Problem to solve – Every line of the data is to be transcribed as it stands.

Supplied information –

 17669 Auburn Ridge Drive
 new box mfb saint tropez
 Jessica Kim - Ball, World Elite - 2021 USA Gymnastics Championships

Output –
 17669 Auburn Ridge Drive
 new box mfb saint tropez
 Jessica Kim - Ball, World Elite - 2021 USA Gymnastics Championships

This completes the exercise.